FALCÕES-PEREGRINOS NO BRASIL

Biólogas usam 1.668 avistamentos registrados no site WikiAves para estudar a história natural do falcão-peregrino no Brasil

“As pessoas costumam andar pela Avenida Paulista sempre apressadas. Muitas ficam olhando para os lados, aflitas com o horário, com o trânsito, ou com a possibilidade de alguém levar seu celular, ou sua bolsa. Ninguém tem tempo para parar um instante e olhar o céu. Mas, se você fizer isso, perceberá que tem muito coisa acontecendo lá em cima. Se tiver sorte, poderá observar, por exemplo, falcões-peregrinos caçando pombos. É uma visão inesquecível”, conta a bióloga Erika Hingst-Zaher, do Museu Biológico do Instituto Butantan, em São Paulo.

No final de 2019, a então estudante de graduação em biologia Louise Mamedio Schneider, do Instituto de Biociências da USP, procurou Erika para que esta a orientasse no seu tema de Trabalho de Conclusão de Curso (TCC). Louise queria trabalhar com o comportamento de primatas. Erika sugeriu então que a estudante trabalhasse com os saguis urbanos que podem ser encontrados no parque do Instituto Butantan. Louise gostou da ideia e tratou de arregaçar as mangas.

Mas aí, no início de 2020, a pandemia desabou sobre as nossas vidas — e todo o mundo passou a viver confinado. De uma hora para a outra, Louise perdeu o acesso aos seus saguis urbanos. Para não deixar a estudante na mão, Erika matutou sobre como permitir que Louise conseguisse prosseguir seu estudo sobre o comportamento de animais de forma remota. “Que bicho eu posso propor, que seja tão interessante quanto um primata, e que tenha uma questão que possa ser estudada e respondida sem a aluna ter que sair de casa? Tem que ser um bicho sexy! Mas qual?”, repete Erika.

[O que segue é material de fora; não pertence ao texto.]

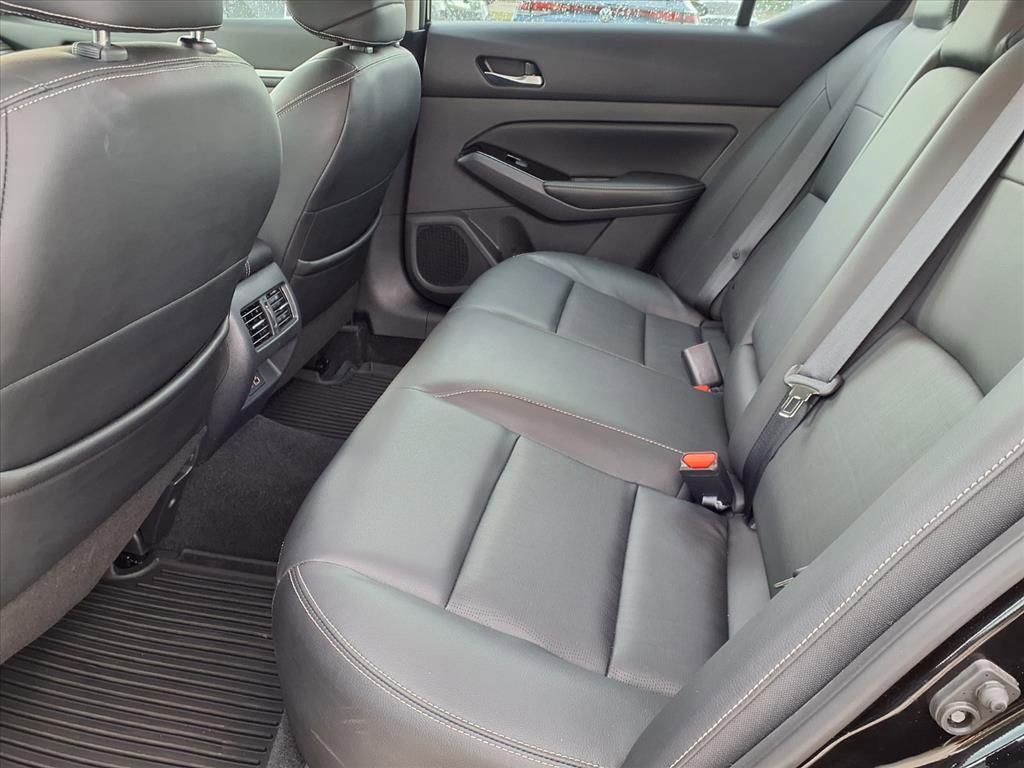 Used 2022 Nissan Altima 2.5 SL FWD image 9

Confesso que achei luminar a sugestão encontrada por Erika. Os macacos cederam lugar a uma ave de rapina, o falcão-peregrino. “O falcão-peregrino é sexy. É uma espécia icônica de ave, um símbolo da luta conservacionista”.

“Não sou ornitóloga”, diz Erika, “mas sei que há diversos pesquisadores estudando o comportamento de aves unicamente a partir dos avistamentos listados no portal de observação de aves e ciência cidadã WikiAvesEntão sugeri à Louise que usasse os dados daquele site de passarinheiros para monitorar a migração anual dos falcões-peregrinos”. O TCC de Louise, com o inspirado título de Falcão-peregrino Falco peregrinus no Brasil: história natural pelas lentes da ciência cidadã, ficou tão legal que acabou publicado na revista Ornitología Neotropical.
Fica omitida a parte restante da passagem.